The committee had originally introduced the ordinance last month. But when questions arose and substantive changes were proposed, the approval of the ordinance, and a possible reintroduction, was delayed until this month.
However, that timetable is not certain because committee members have not finished discussing the details of the ordinance, which still has to be reviewed by the Land Use Board before it can become law.
On Monday, the committee spent nearly two hours discussing the ordinance whose purpose, committeeman Lawrence Jacobs said, is “protecting the master plan and encouraging solar use.”
Committee members focused on which zones ground-mounted solar panels would be allowed in, while maintaining that roof-mounted panels will be allowed in all zones.
At the next meeting, scheduled for April 15, the committee will tackle the details of buffering and design requirements.
Ground-mounted solar panels will not be allowed in residential areas with smaller lot sizes, the officials decided. The ground-mounted panels will be allowed in the township’s R-10 zone, which calls for a minimum lot size of 10 acres, mostly in the western part of the township.

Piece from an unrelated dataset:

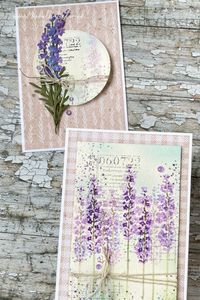 I used the Painted Lavender stamp set from Stampin' Up and paired it with the Notes of Nature stamp set to create a more vintage style on watercolour paper. Which one do you prefer?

The ground-mounted panels will also be allowed in the R-3 zone, where lot sizes are at least 3 acres, and in the office zones in the Route 206 corridor.
The ground-mounted panels will be prohibited in all other zones, including the PUD zone, which covers most of the Hills community and the shopping center on Hills Drive. Committee members previously expressed concerns that ground-mounted panels in residential neighborhoods would detract from the nature of the area.
Township attorney John Belardo suggested that the township determine where the panels would be allowed, instead of relying upon other requirements, to eliminate ambiguity.
“I like bright lines,” he said.
However, the panels could still be restricted in the R-10 zone because a part of the ordinance prohibits ground-mounted panels on “farm soils,” township planner David Banisch said.
That restriction is in the section of the ordinance that outlines where the ground-mounted panels can be located and the buffering required to protect the “viewshed.” That part of the ordinance will be reviewed at the next meeting.
“We are not a decorating committee,” Parker said.
Banisch also explained that under the state’s land use law, ground-mounted panels cannot be used in the calculation of the impervious surface on a lot. That provision eliminated the possibility of using impervious coverage standards to regulate the panels, he said.